▶ [RECORDS FOR THE EXERCISE]
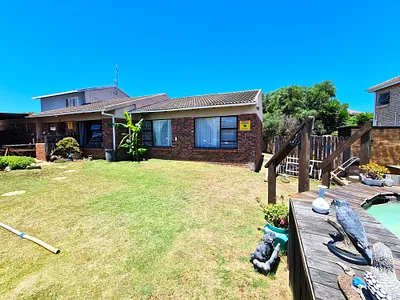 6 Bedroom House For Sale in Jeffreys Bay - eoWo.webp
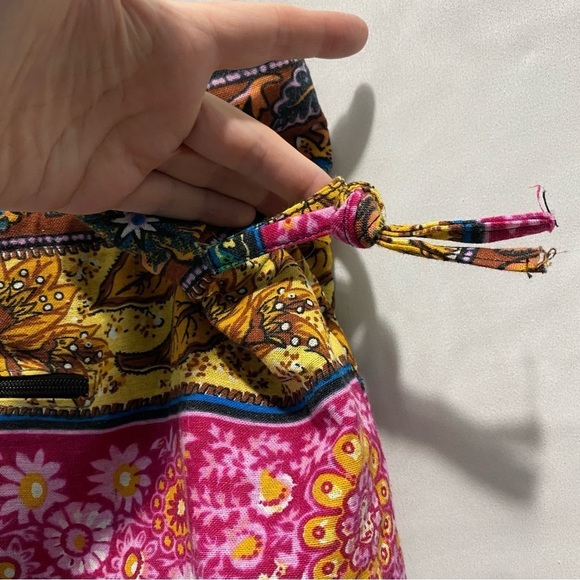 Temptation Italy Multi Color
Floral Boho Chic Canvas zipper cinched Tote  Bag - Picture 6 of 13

---

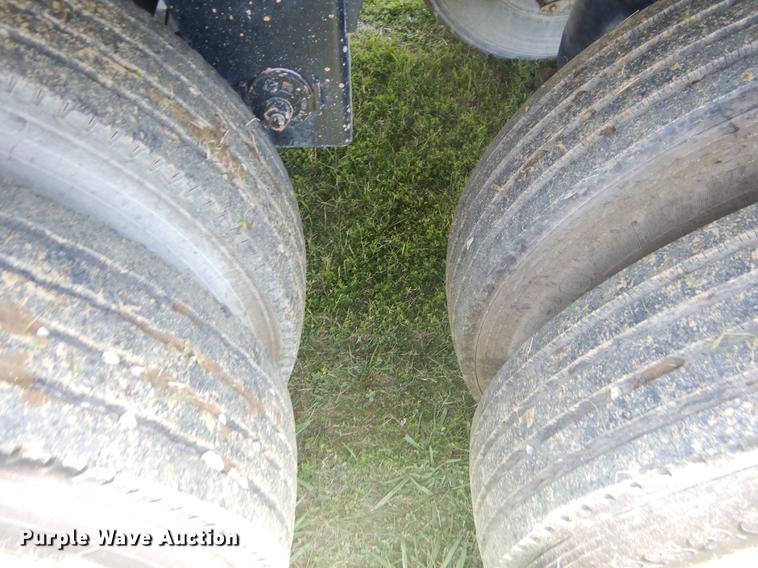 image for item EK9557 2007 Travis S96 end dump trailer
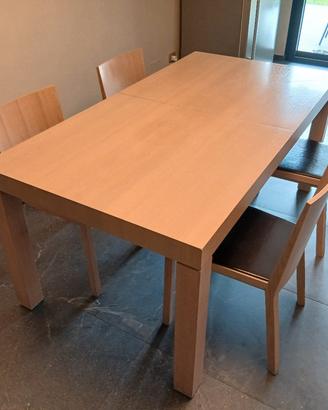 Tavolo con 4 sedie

▶ [EXERCISE OBJECTIVE]
From the listing above, repeat only the lines between the line containing "6 Bedroom House" and the line containing "Floral Boho Chic", those two included. Pictures are not part of the copy.

▶ [COMPLETED EXERCISE]
 6 Bedroom House For Sale in Jeffreys Bay - eoWo.webp
 Temptation Italy Multi Color
Floral Boho Chic Canvas zipper cinched Tote  Bag - Picture 6 of 13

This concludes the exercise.